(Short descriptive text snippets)
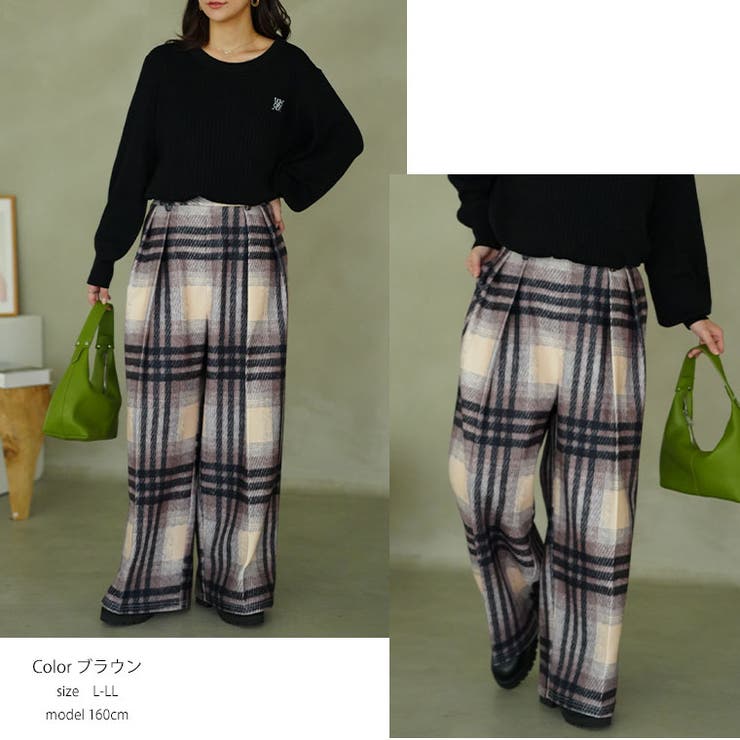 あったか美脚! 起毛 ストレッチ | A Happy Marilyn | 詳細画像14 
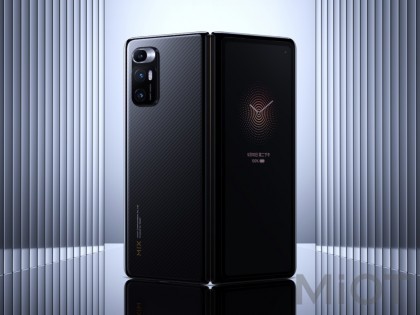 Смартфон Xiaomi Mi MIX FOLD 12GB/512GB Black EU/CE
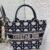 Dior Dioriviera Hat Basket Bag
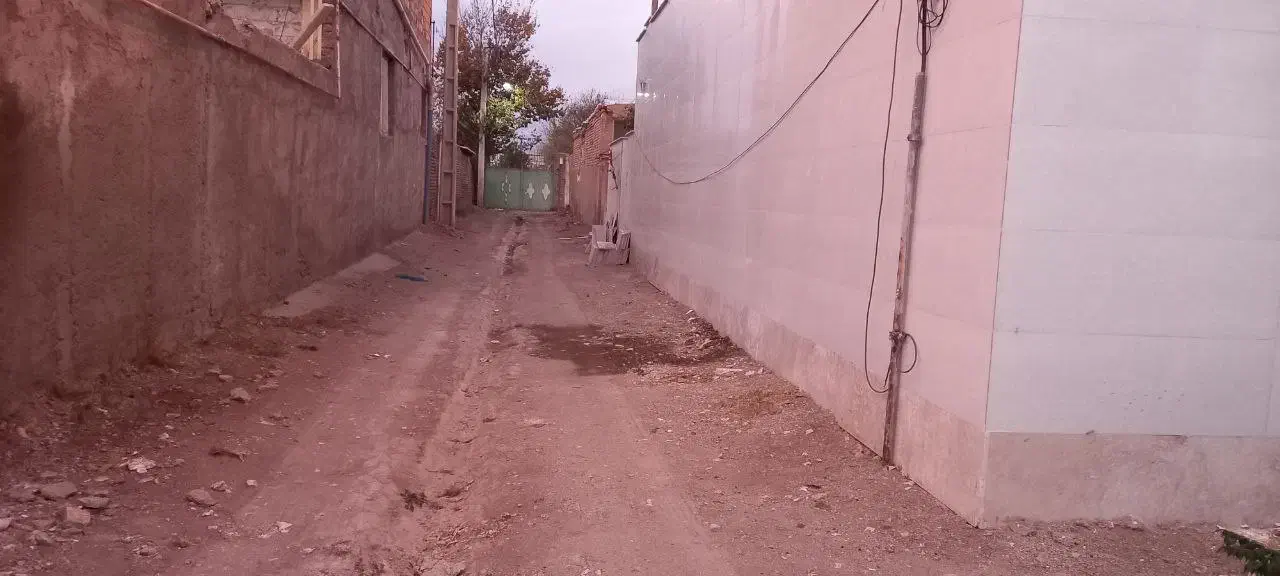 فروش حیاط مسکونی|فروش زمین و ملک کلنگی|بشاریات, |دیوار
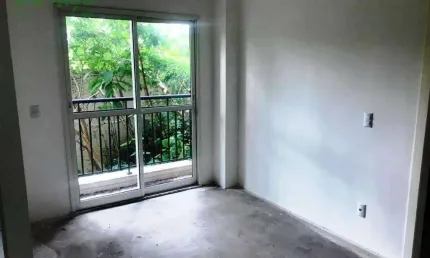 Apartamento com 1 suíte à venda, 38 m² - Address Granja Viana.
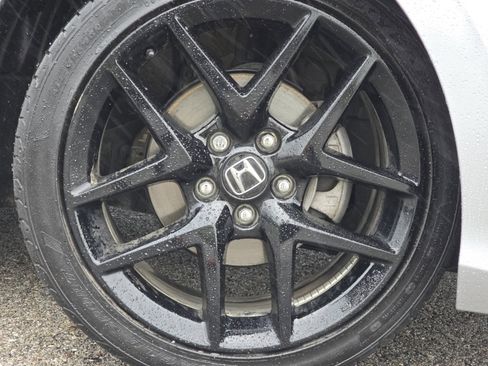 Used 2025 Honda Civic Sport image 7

ASSIGNMENT:
Give an exact copy of the line containing "فروش حیاط مسکونی|فروش" and every line after it through the end of the entries. Pictures are to be dropped.

ANSWER TO THE PROBLEM:
 فروش حیاط مسکونی|فروش زمین و ملک کلنگی|بشاریات, |دیوار
 Apartamento com 1 suíte à venda, 38 m² - Address Granja Viana.
 Used 2025 Honda Civic Sport image 7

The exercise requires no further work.